3

I stumbled into an interesting issue -- when it comes to intrusive lockless stacks (single-linked lists) it seems there is a consensus on how push() should look like. All internet/AI searches (and cppreference.com) always produce code written along these lines:

struct stack
{
    struct node { node* next; };

    std::atomic<node*> head;

    void push(node* new_node)
    {
        new_node->next = head.load(std::memory_order_relaxed);

        // simplified: real code has an ABA counter in the low 12 bits of head
        while (!head.compare_exchange_weak(new_node->next, new_node,
                                           std::memory_order_release,
                                           std::memory_order_relaxed)) {}
    }
};

but when it comes to pop() search results are inconsistent wrt memory ordering, e.g.:

    node* pop()
    {
        node* p = head_.load(std::memory_order_**acquire**);

        while (p && !head_.compare_exchange_weak(p, p->next, 
                                                 std::memory_order_**acq_rel**,
                                                 std::memory_order_**relaxed**));
        return p;
    }

I've seen various permutations of highlighted parameters (e.g. relaxed + acq_rel + acquire or relaxed + acquire + relaxed).

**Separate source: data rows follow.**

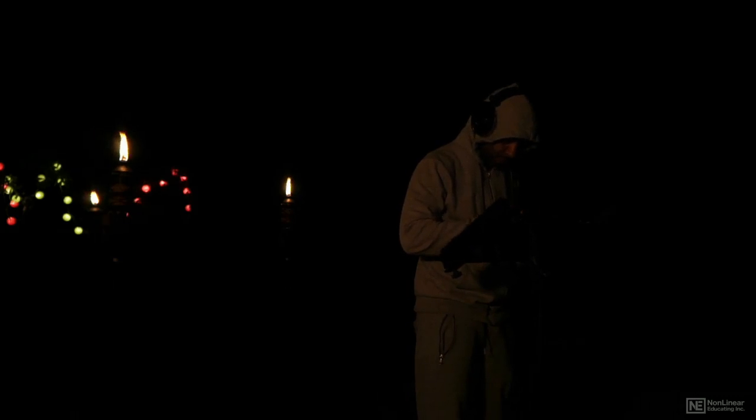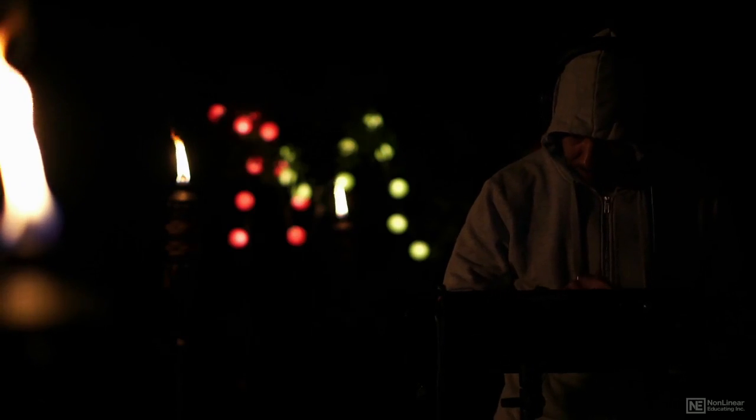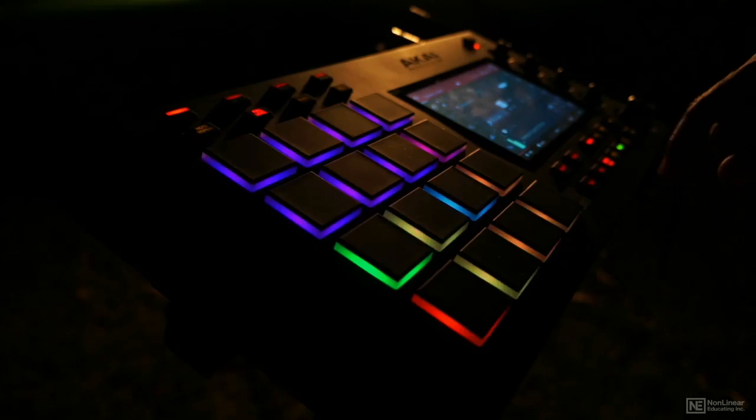The MPC Live is a hybrid instrument. Just connect the included USB cable to your computer and you now have full control of the MPC 2.0 software that comes with your MPC Live.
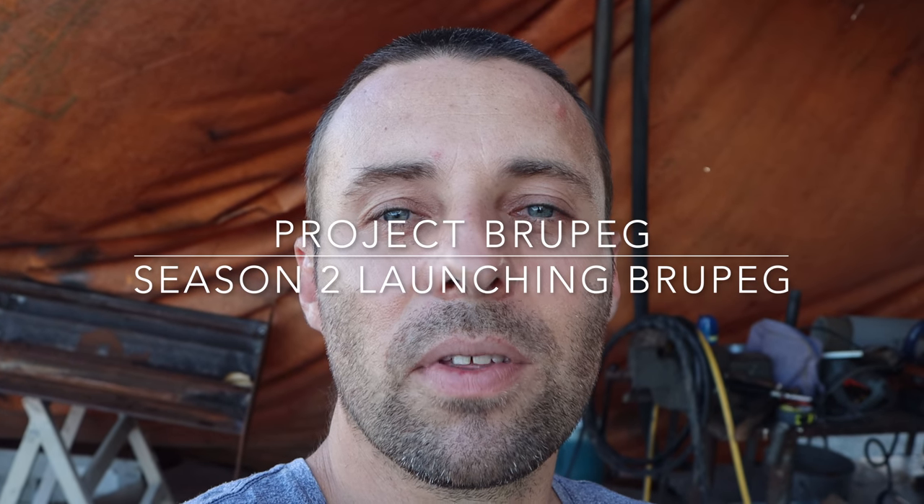G'day, welcome back to Project Brewpeg, the story of a sunken fishing trawler converting to global expedition and research boat. This week we got some maintenance done on our welder, we installed a heavy-duty earth cable, we did some serious machining on some big hinges for our stabilizer wings, and we did a bit of a parts forage to gather as much stuff as we can so that we can keep working for the next couple of months.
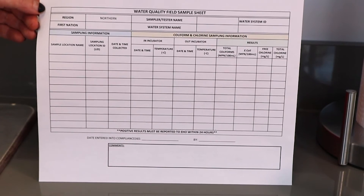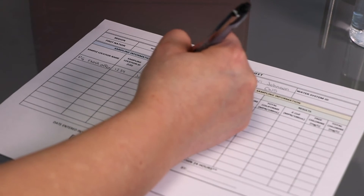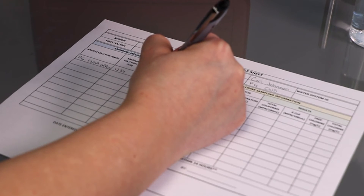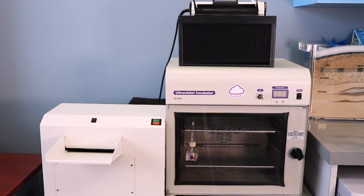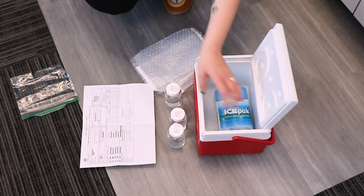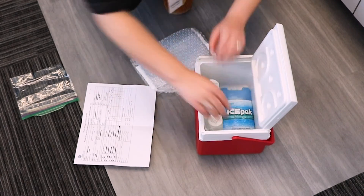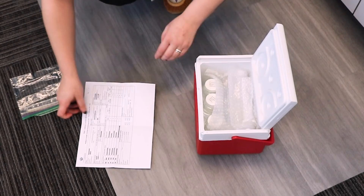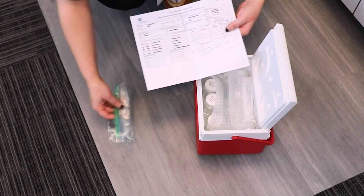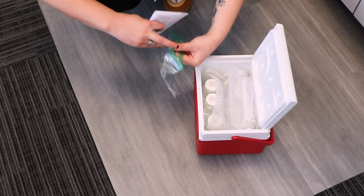Fill out your field sample data log sheet. You may want to pre-fill some of your data on your field data log sheet ahead of time. Once you have collected all your water samples, bring them to your community drinking water testing facility as soon as possible after sampling. You should perform your analysis within 24 hours of collecting the samples. If shipping samples to an accredited lab, fill out the chain of custody for the lab you are shipping to. Be sure the samples can be received by the lab within 30 hours of collecting the water sample. Keep the samples cool or refrigerated before analysis.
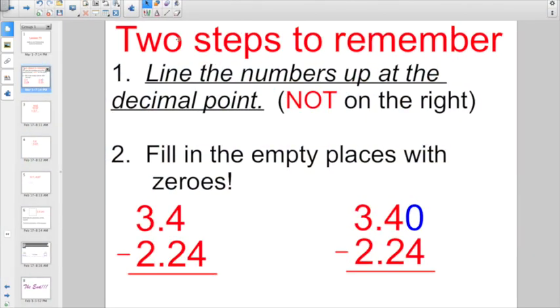There are basically only two steps to remember. Number one, and this is the most important: line the numbers up at the decimal point when you add and subtract. You don't line them up on the right. If you're going to subtract 3 and 4 tenths minus 2 and 24 hundredths, you don't want them lined up on the right. You get the decimal points lined up so they are nice, neat, and straight.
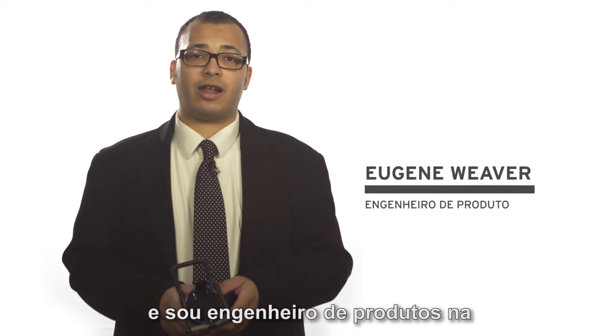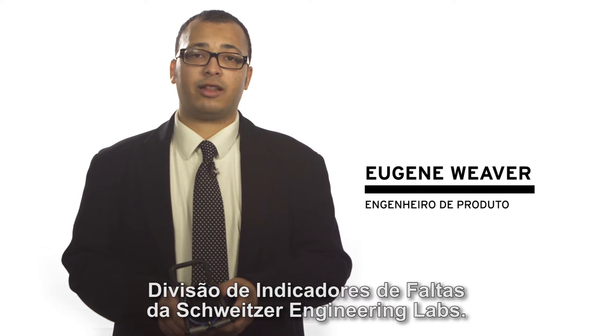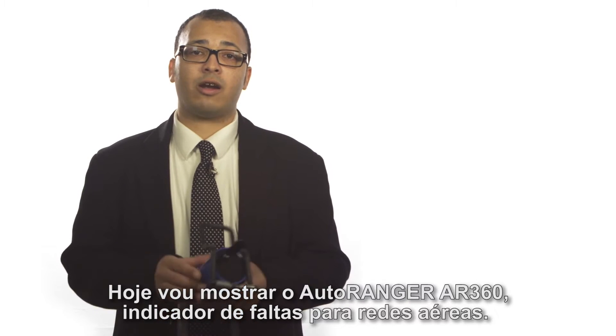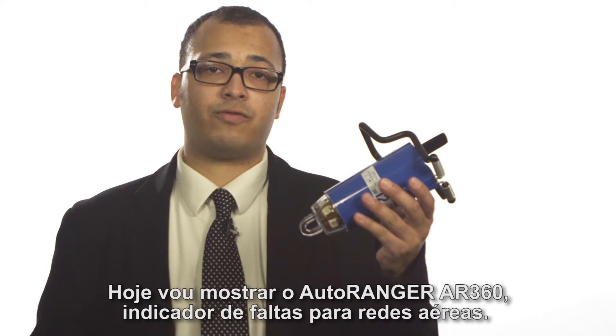Hello, my name is Eugene Weaver and I'm a product engineer with Schweitzer Engineering Labs Fault Indicator and Sensor Division. Today I'm going to show you the AR360 Overhead Auto Ranger Faulted Circuit Indicator.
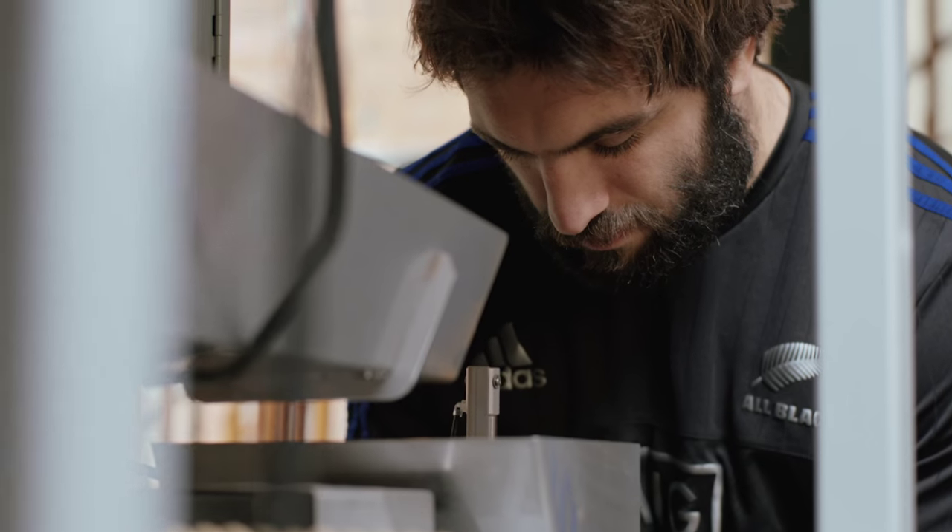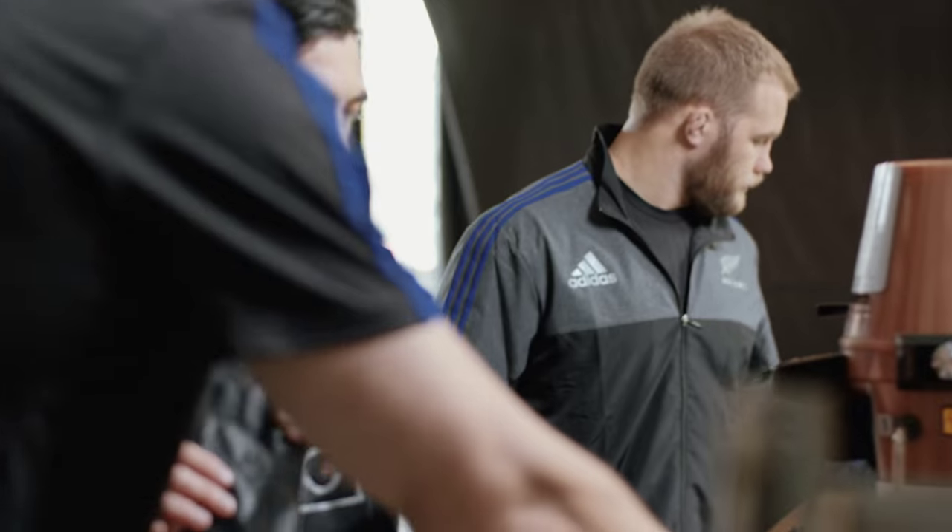Once we've got each individual bean roasted, we'll blend them together in a way that allows the flavors of each bean to really work with each other.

I understand it doesn't matter on x86, but it is nice to do things right...

What are the correct values of three highlighted parameters?

Note: I know about ABA problem and in my code I solve(*) it using tagged pointers, with the low 12 bits of head being a counter. This is a page allocator.

*solve = severely reduce possibility of happening :)

After-thoughts (see details in comments to Peter's answer):

  • It seems the only way to have formally correct slist in C++26 is to:

    • (prevent data race UB) make node::next atomic

    • (prevent strict aliasing UB) do not perform non-atomic node access; i.e. if you use slist for page pool -- portion of the page containing node can't be used for other purposes

    • use Peter's version of pop(); i.e. acquire+relaxed+acquire

  • On real ISAs with normal compilers you can use the suggested pop() and use entire page (trampling over non-atomic node::next); just add related comments :) seq_cst for CAS will compile to the same asm on x86 as acquire/etc, but seq_cst doesn't make it any safer on other ISAs where it does compile differently so there's no reason to prefer it here other than using the default so the source is more compact.

12
  • 1
    @HTNW I don't see infinite loop here -- failed path will update p and p->next will be (re-)loaded in next iteration. Do I miss smth? Commented Oct 21 at 0:24
  • 1
    I think there's another race here (I hope this one is real!). If two threads pop at the same time, it's possible that in between one thread doing p = head.load(...); and evaluating p->next (which happens before the compare_exchange_weak!), the other thread can finish pop() and modify p->next (or free p, etc.). Voila: UB. I don't think any amount of memory ordering on head helps with this. Commented Oct 21 at 4:00
  • 1
    @HTNW pop() doesn't modify p->next... but subsequent push() does, see my comment to Peter's answer. I.e. it seems I need to make node::next atomic or we can't avoid concurrent non-atomic access. Commented Oct 21 at 4:11
  • 1
    CAS_strong is irrelevant; spurious failure of CAS_weak isn't a problem even on ISAs where it can happen. Just using my pop is safe in practice on any real ISA with mainstream compilers, not just x86, despite the data-race and/or strict-aliasing UB on next. There's no plausible way for that to be compile-time-visible and cause it to mis-compile, and it's a non-problem in asm. Commented Oct 21 at 20:59
  • 1
    seq_cst doesn't make it any more or less safe to use the whole page. It will compile the same on x86 as the minimum required orders I specified, but worse on other ISAs for no benefit. I mean yes it's technically true that you can use seq_cst for any atomic RMWs on x86 with no downside in the asm, but why do that? Seems like a weird thing to mention. Commented Oct 21 at 21:04

1 Answer 1

6

The pure load is correct: acquire is the minimum for correctness.
The CAS in pop is too strong in the success order (just acquire or even relaxed is fine), and too weak in the fail order (acquire is needed to set up for the next iteration, for the same reason acquire was needed on the initial load.)

 node* pop()
 {
    node* p = head_.load(std::memory_order_acquire);  // acquire is necessary

    while (p && !head_.compare_exchange_weak(p, p->next,   // deref of p
                                             std::memory_order_relaxed, // was acq_rel
                                             std::memory_order_acquire)); // was relaxed
    return p;
}

(But unfortunately C++ requires that CAS success strength be at least as strong as fail else UB, so actually you need CAS_weak(p, p->next, acquire, acquire). This prevents you from allowing a compiler to make the success path faster on ISAs like ARMv7 where acquire is done with separate fence instructions after a load, which could be put only on the fail retry branch.)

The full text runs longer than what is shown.